> [DATA RECORDS]:
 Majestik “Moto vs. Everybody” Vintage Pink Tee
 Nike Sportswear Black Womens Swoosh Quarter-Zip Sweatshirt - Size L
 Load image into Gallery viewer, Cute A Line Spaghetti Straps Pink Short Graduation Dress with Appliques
* * *
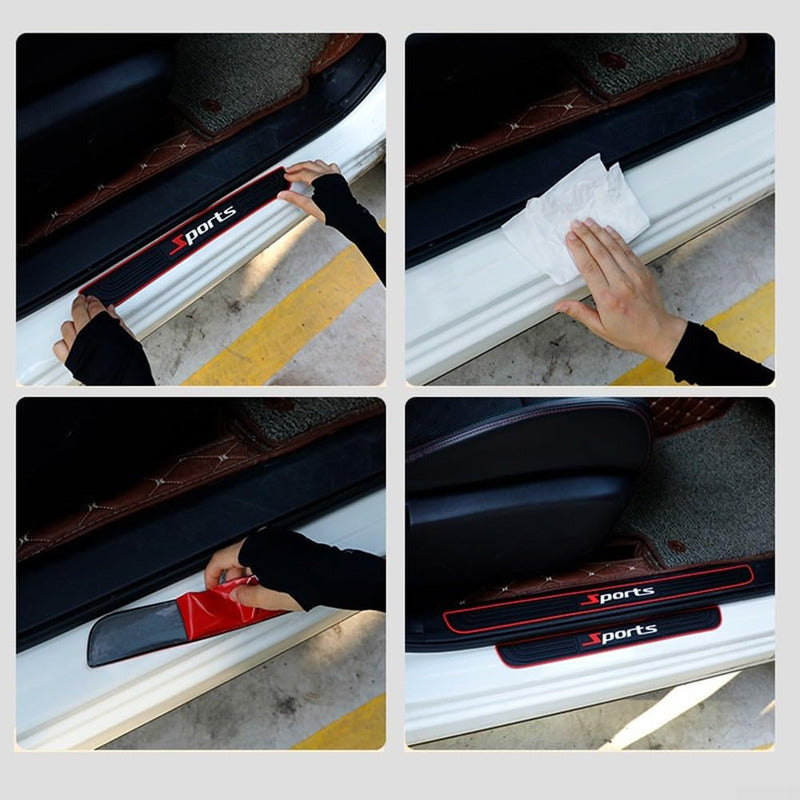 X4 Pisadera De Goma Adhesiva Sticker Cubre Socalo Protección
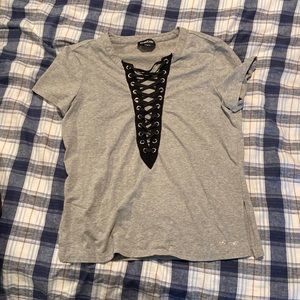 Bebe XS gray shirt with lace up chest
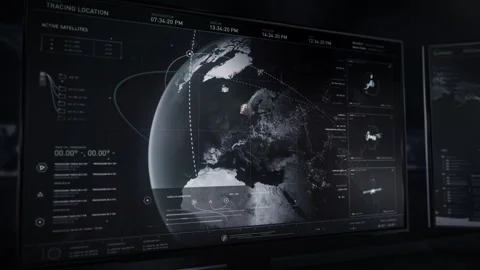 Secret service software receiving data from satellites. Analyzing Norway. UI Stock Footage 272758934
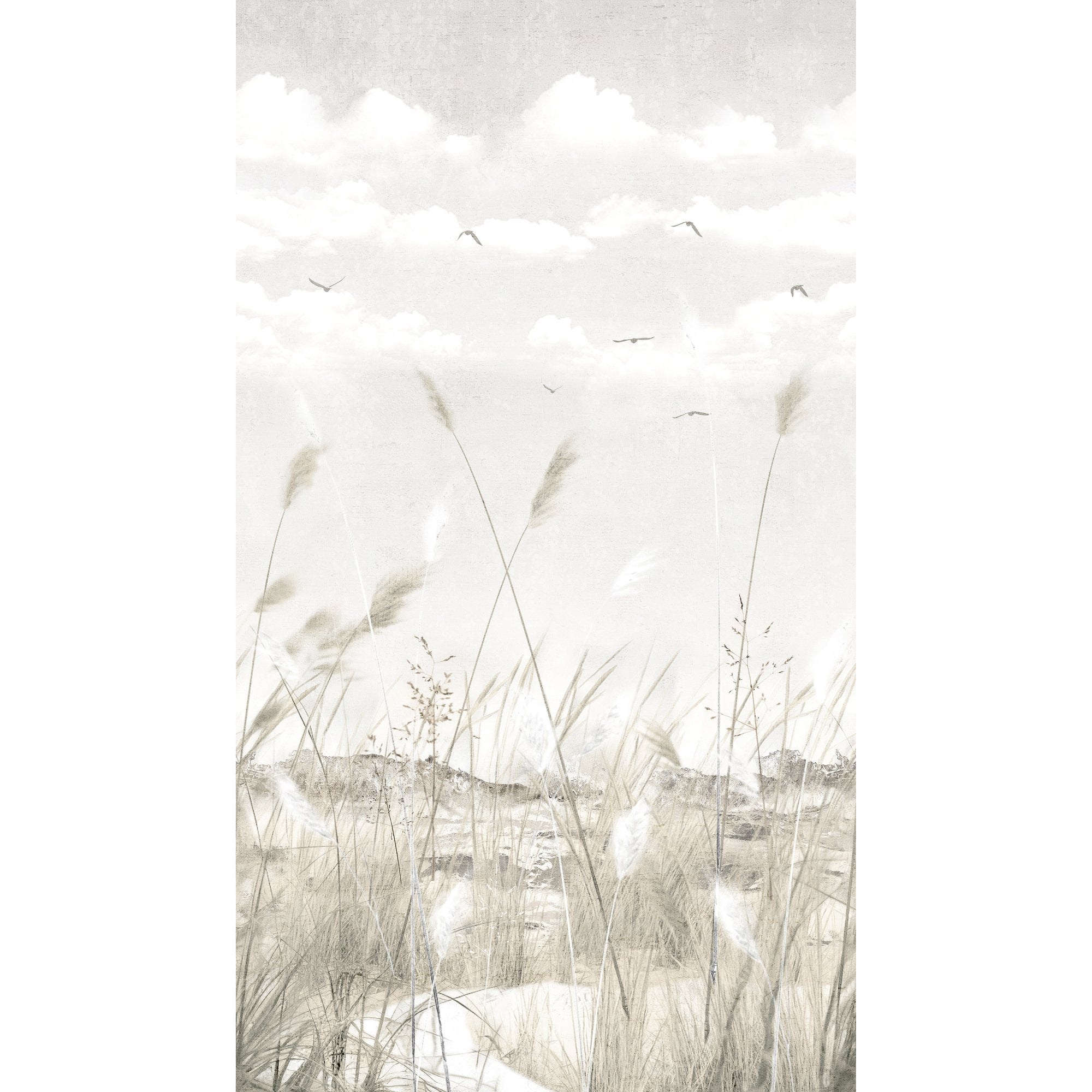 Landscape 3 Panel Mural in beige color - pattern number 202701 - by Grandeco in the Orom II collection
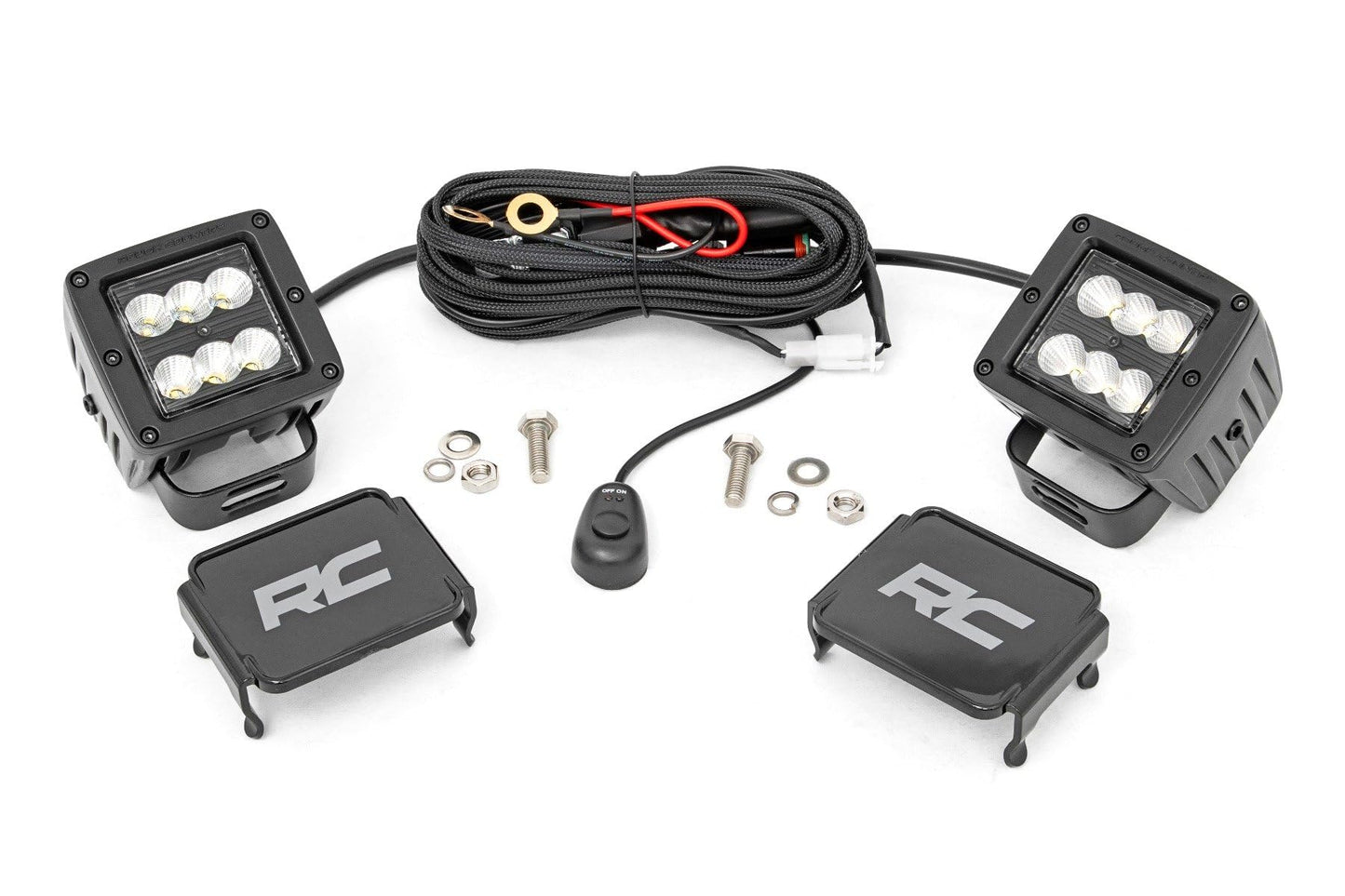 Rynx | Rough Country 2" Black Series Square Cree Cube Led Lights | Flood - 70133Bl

> [YOUR OBJECTIVE]:
Write out exactly the lines above between the line with "Vintage Pink Tee" and the line with "Load image into", inclusive, and nothing beyond them.

> [ANSWER SPACE]:
 Majestik “Moto vs. Everybody” Vintage Pink Tee
 Nike Sportswear Black Womens Swoosh Quarter-Zip Sweatshirt - Size L
 Load image into Gallery viewer, Cute A Line Spaghetti Straps Pink Short Graduation Dress with Appliques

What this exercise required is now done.